Park officials want to include facilities for jogging, cycling, hiking and other outdoor activities, all set amid the backdrop of what, in effect, will be the world's largest environmental theme park.
"What we want to see is a set of uses and institutions that are worthy of the worldwide stature of the Presidio," said Brian O'Neill, superintendent of the Golden Gate National Recreation Area, the national park that will encompass the military base after the Army leaves in late 1994.
Spanish troops knew what they were doing when they set up a fortress on this hill in 1776, three months before the United States declared its independence from Britain.
The Spanish were followed by the Mexicans in 1822 after their independence from Spain, and by U.S. troops 24 years later at the outset of the Mexican-American War.
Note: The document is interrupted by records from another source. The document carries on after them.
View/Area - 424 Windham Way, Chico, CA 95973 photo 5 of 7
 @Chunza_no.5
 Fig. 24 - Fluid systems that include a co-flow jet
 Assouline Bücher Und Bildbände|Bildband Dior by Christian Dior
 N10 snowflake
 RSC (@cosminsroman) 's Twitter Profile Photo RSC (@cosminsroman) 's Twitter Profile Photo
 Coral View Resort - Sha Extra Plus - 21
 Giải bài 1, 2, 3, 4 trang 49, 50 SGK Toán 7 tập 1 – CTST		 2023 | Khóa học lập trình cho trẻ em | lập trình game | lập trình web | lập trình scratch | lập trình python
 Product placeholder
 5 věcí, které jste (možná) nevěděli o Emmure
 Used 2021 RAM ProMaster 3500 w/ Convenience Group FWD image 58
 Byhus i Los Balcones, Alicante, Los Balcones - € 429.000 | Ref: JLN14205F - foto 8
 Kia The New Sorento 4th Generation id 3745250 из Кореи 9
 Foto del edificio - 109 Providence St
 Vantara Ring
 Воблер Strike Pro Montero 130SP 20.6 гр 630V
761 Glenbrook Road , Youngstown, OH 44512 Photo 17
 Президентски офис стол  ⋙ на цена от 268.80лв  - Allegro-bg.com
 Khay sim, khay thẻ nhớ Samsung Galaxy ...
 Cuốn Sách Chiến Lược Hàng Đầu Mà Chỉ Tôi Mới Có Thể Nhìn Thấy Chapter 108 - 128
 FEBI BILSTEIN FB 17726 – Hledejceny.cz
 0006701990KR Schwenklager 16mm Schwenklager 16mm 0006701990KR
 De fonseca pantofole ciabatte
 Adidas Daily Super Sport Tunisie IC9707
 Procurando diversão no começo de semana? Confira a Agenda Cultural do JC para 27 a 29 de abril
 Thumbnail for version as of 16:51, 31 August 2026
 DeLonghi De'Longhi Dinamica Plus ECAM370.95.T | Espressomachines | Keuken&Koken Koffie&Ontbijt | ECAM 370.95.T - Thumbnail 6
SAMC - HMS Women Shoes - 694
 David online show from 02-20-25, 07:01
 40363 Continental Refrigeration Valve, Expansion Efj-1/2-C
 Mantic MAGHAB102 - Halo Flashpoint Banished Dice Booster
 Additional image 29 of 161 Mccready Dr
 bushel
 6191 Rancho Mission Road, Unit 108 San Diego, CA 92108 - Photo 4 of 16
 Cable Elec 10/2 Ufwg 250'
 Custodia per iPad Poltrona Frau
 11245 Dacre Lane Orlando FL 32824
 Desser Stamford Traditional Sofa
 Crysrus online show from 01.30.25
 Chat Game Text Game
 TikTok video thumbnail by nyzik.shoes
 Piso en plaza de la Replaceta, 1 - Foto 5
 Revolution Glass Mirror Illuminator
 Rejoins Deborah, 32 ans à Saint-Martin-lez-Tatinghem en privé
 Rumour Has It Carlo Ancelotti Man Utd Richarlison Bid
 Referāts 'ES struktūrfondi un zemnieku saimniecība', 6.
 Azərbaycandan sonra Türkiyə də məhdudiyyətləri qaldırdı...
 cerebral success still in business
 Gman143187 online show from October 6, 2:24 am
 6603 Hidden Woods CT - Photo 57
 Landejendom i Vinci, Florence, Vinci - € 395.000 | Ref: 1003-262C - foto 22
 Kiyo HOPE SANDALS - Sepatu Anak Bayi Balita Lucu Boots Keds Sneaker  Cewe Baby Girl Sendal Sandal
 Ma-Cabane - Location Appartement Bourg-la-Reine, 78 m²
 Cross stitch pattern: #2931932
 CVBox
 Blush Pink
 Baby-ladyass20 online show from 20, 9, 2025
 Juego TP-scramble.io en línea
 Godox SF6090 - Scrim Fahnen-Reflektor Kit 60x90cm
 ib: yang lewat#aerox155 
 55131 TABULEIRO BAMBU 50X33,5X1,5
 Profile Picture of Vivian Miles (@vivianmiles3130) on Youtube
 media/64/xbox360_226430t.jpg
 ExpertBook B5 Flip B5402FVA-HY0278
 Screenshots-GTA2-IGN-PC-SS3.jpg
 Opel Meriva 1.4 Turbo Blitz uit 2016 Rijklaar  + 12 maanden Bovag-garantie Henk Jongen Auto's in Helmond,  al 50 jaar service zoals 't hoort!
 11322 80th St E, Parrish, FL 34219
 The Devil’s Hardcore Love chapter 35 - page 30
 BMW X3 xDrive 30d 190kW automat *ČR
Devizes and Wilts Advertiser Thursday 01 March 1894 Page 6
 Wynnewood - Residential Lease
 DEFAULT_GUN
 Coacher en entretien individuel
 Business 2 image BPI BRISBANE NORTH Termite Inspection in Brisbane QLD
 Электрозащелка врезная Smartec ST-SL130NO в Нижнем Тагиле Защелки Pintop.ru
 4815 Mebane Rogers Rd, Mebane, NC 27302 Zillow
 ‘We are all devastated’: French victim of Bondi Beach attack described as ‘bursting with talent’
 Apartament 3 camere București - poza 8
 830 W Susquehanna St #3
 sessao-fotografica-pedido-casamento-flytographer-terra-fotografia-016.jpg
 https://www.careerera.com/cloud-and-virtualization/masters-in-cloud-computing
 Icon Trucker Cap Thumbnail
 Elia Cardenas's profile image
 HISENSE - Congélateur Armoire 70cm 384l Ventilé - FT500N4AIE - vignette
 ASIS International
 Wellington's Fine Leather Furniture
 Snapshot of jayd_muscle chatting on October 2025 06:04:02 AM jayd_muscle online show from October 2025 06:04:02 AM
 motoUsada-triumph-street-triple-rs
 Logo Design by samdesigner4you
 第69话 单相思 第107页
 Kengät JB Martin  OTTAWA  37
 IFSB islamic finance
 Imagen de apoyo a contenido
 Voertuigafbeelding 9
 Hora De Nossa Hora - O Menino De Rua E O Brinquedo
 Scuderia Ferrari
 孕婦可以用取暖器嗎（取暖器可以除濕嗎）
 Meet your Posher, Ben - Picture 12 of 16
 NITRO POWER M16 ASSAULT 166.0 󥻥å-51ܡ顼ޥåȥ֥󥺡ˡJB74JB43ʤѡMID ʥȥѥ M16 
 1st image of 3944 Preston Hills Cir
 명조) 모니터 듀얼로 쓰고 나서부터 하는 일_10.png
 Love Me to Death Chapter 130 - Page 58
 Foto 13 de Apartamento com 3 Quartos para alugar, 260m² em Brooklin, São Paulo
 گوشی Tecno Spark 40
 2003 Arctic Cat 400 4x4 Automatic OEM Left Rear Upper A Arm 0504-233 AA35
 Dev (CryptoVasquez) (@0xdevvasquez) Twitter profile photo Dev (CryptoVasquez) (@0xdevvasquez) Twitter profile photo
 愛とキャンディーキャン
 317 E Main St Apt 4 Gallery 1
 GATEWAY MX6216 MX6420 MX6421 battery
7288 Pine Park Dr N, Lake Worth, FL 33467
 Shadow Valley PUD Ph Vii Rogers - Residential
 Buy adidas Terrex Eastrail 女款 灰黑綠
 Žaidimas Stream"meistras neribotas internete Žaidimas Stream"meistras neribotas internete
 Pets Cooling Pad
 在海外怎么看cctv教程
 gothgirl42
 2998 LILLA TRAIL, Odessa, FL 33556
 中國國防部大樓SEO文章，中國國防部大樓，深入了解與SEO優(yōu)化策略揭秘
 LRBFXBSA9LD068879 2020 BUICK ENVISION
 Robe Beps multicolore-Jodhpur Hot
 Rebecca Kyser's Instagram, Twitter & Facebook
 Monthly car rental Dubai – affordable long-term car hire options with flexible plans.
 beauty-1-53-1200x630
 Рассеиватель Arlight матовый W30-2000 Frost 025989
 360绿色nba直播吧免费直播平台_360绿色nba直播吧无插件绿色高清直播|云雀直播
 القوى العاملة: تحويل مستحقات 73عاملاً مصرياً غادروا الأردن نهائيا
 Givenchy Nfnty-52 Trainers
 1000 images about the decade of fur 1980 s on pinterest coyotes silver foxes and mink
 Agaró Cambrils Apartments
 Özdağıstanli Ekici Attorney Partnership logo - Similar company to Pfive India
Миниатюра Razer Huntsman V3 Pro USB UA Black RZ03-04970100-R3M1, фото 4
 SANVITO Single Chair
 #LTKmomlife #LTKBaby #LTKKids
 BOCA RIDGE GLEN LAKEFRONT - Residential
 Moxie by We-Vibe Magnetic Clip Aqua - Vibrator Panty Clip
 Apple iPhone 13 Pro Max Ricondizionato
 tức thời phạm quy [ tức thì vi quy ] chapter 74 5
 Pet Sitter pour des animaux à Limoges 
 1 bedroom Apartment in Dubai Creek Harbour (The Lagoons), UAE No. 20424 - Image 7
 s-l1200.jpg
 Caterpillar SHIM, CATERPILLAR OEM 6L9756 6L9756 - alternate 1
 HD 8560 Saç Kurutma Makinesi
Over the years, some of the Army's greatest leaders served here. Past base commanders include Gen. William T. Sherman, Lt. Gen. Phillip Sheridan and Lt. Gen. Arthur McArthur, father of Douglas. Gen. John "Blackjack" Pershing was the Presidio's commander when his wife and three daughters died in a home fire on the base while he was away chasing Pancho Villa along the Mexican border in 1915.
Troops from the Presidio helped keep order and assist victims of San Francisco's 1906 earthquake. The base was a major staging area during World War II and served as an administrative center during the Korean and Vietnam conflicts. Most recently, the U.S. 6th Army headquartered here coordinated the deployment of the California National Guard to Los Angeles during last spring's riots.
"The history of this place goes back to the history of America," said Army Maj. Gen. Patrick Brady, the Presidio's deputy commanding officer.